What the task requires: In the material below, the line holding "Outsunny Walk-In Lean" and every line after it should be reproduced exactly, please, with pictures omitted.

Data extract:
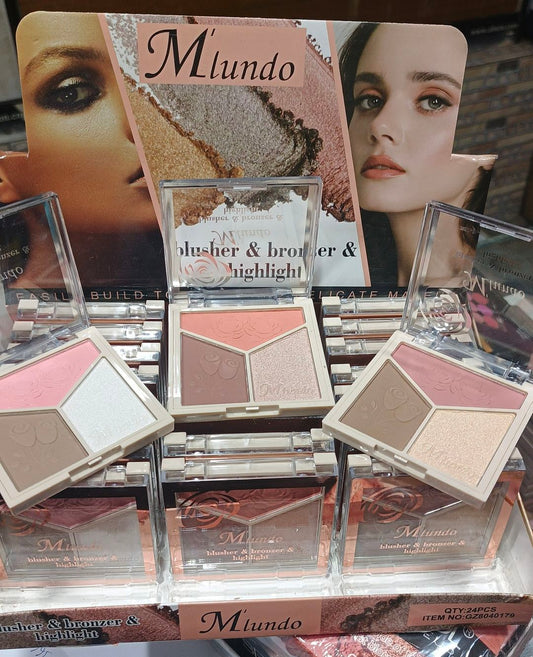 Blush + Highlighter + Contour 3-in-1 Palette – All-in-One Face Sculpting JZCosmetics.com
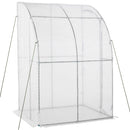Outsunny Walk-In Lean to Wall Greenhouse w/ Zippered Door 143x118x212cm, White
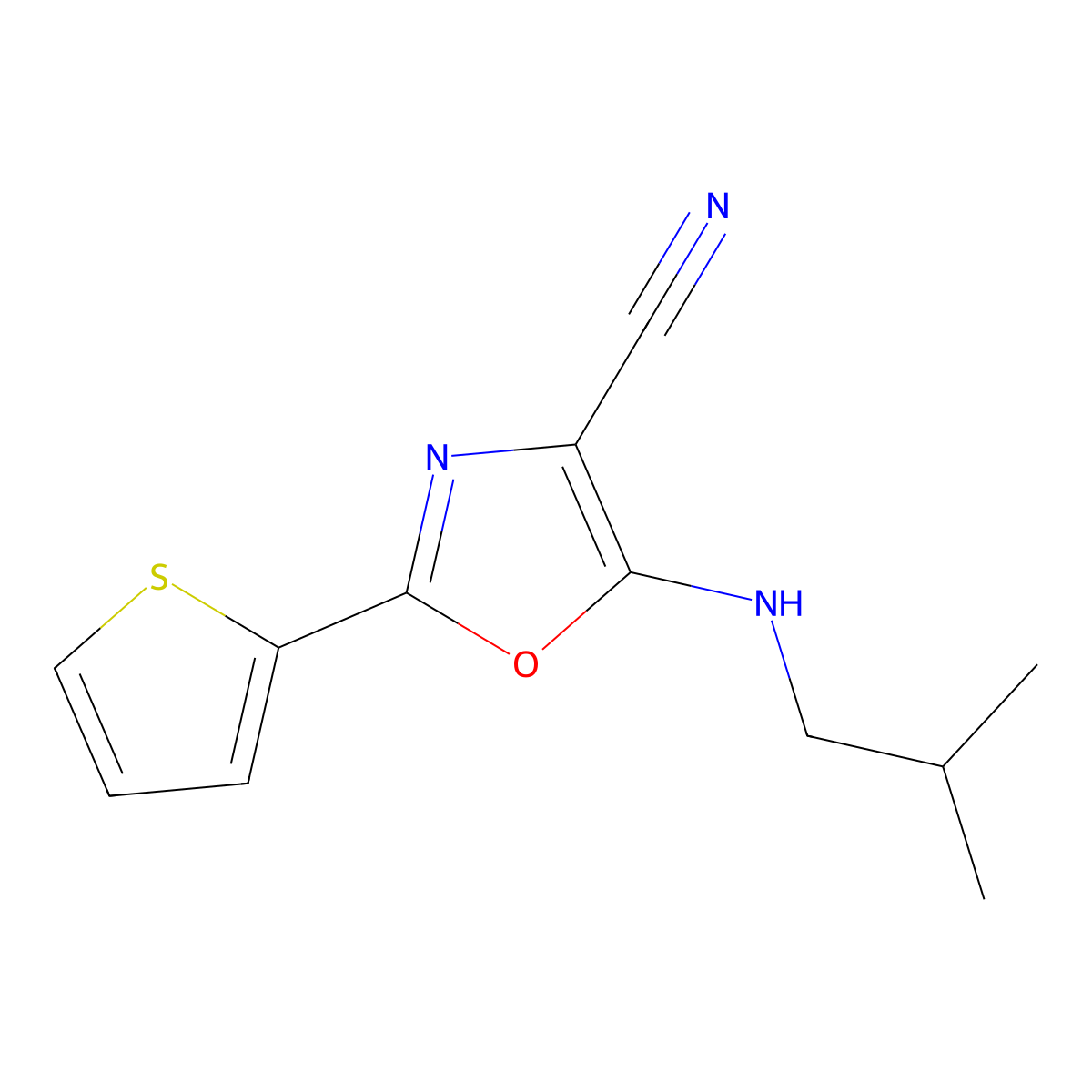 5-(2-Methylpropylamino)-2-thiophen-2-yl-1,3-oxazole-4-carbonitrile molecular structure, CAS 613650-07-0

Your solution:
Outsunny Walk-In Lean to Wall Greenhouse w/ Zippered Door 143x118x212cm, White
 5-(2-Methylpropylamino)-2-thiophen-2-yl-1,3-oxazole-4-carbonitrile molecular structure, CAS 613650-07-0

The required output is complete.